面對維港,彌敦道右邊是九龍公園,左邊有一座古老的紅磚樓房,原是英童學校,1900年何東捐款興建,兩年後落成。何東的父親是猶太人,從荷蘭來到香港,認識了他的母親,生下他,但是並未結婚,後來丟下他們母子去了英國,何東是母親撫養長大的,這樣的身世在電影和小說裡並不少見,何東長大後在怡和洋行擔任買辦,不久成立自己的公司,他曾接辦經營困難的《工商日報》,成功地讓《工商日報》走出困局,他同時還是英國殖民香港後,首位擁有中國血統卻能住在太平山山頂的人。是的,英國殖民香港時期,英國人和香港人讀不同學校住不同區域,界限分明。

何東的故事應該是不錯的影視劇題材,從彌敦道這所學校經過不知多少次,這個炎熱的午後我終於走了進去,曾有過的孩童笑語在明媚陽光下如幻影追逐,那些孩子如今都垂垂老矣,甚或離世,他們長大後也許回到多霧的倫敦,但他們的童年卻永遠留在了亞洲的一座小島。校舍是典型的維多利亞時代建築,因應香港氣候建有寬闊的走廊、較高的樓頂,走廊粉刷成白色,映襯綠色的窗戶,似乎應該有吊扇,我想起了瑪格麗特.莒哈絲小說改編的電影《情人》。

殖民時期在香港留下許多歐式建築,增添了旅遊的魅力,好比港島南端赤柱海邊的美利樓,在這裡暫時放下瑣事,恍然有在歐洲旅行的錯覺,雖然公路另一側的淺水灣酒店提醒著此處是張愛玲小說《傾城之戀》的發生地,但是酒店的建築依然是歐洲風格,加上有著希臘式廊柱的美利樓和海邊一排咖啡館餐廳共組異域風情,這裡流淌的異域不僅是建築,也是飲食,南美咖啡、荷蘭德國和比利時啤酒,英國炸魚,義大利披薩,法國智利和西班牙紅酒,將你的選擇填滿,甚至你不一定意識到,因為早已經成日常的一部分。

美利樓其實原本並不在這裡,而在中環,原址如今蓋起了許多照片中都看得到的中銀大廈,1846年興建的美利樓曾經是軍官宿舍,二戰後供多個政府部門使用過,為了保存這座歷史建築,有關單位拆卸了蓋樓的所有花崗岩石磚石柱,編號後搬移至赤柱海邊依原樣重建。

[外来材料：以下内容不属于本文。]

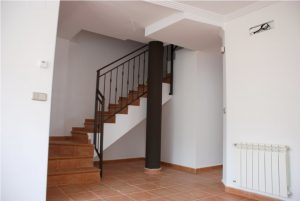 Venta de adosado en Argamasón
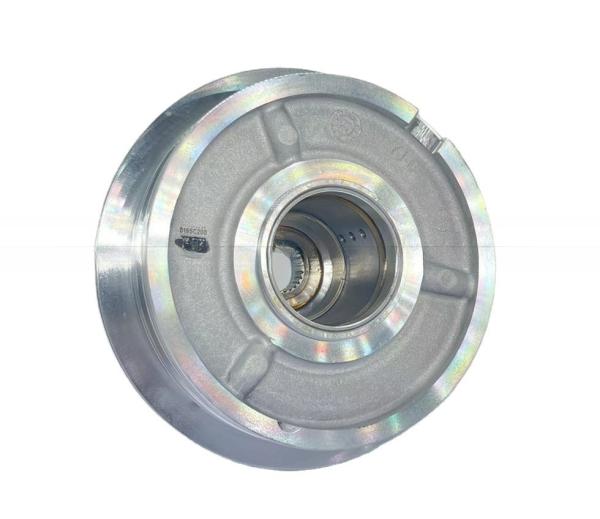 Substituição direta do conjunto de caixa de engrenagens automática 9T50 9T45 para o Cruze XT4 XT5 XT6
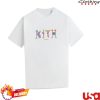 Kith Merch Store Kith Tokyo Classic Logo Vintage Tee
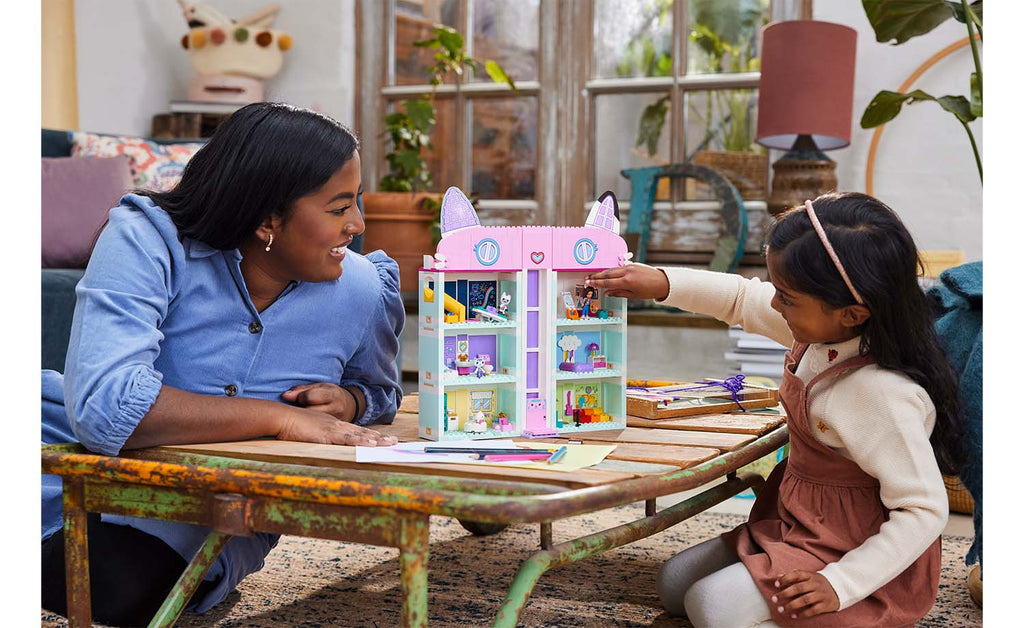 LEGO Gabby's Dollhouse 10788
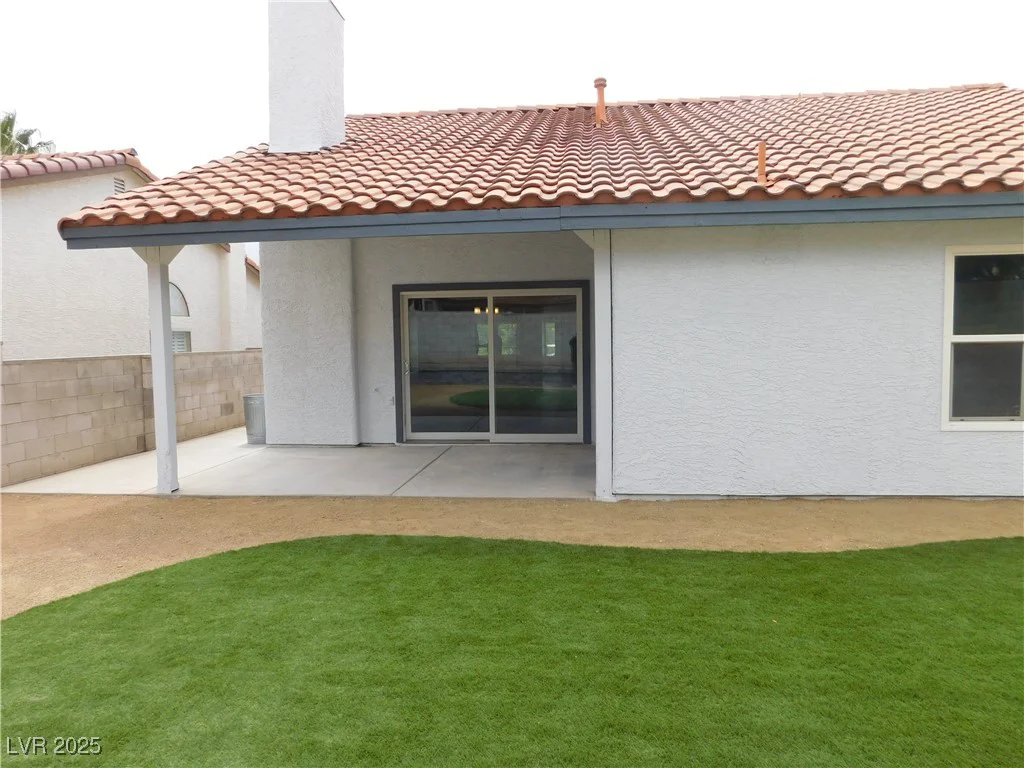8640 Portofino, Las Vegas, NV 89117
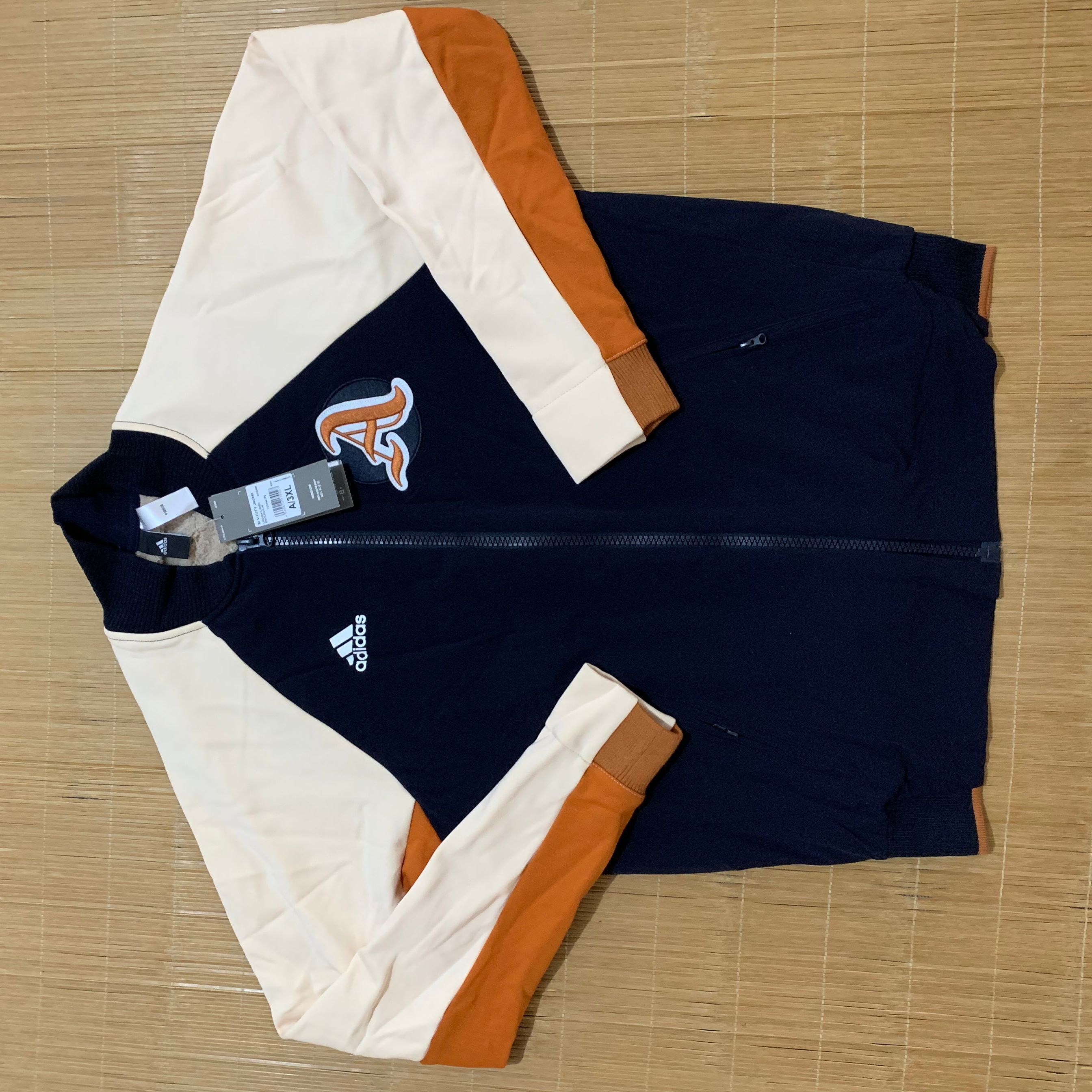 LA0372 SIZE:S--XXL gallery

尖沙咀、中環和赤柱是遊客熟悉的香港,但並不是香港的全部,彌敦道由港邊向北,過界限街連接長沙灣道,來到深水埗又是另一番香港風貌。遍布批發成衣、布料、鈕扣等小店,傍晚時分搭建的夜市,販售二手電器、舊書、舊唱片、舊光碟的鴨寮街,穿插路邊的粥店麵店。任職報社時來此採訪過,小巷小弄踏遍,劉森記竹升麵、周記油渣麵、公和荳品廠煎釀豆腐、維記茶餐廳咖央西多士都好吃,一碗牛腩麵便得溫暖飽足,添盅糖水多點縱容,竹升麵彈牙,油渣麵懷舊,與維多利亞港邊截然不同的視覺印象,不同的樓宇,不同的料理。半山俯瞰無敵海景的豪宅是香港,深水埗的籠屋也是,半島酒店的英式下午茶有人排隊,維記茶餐廳也有。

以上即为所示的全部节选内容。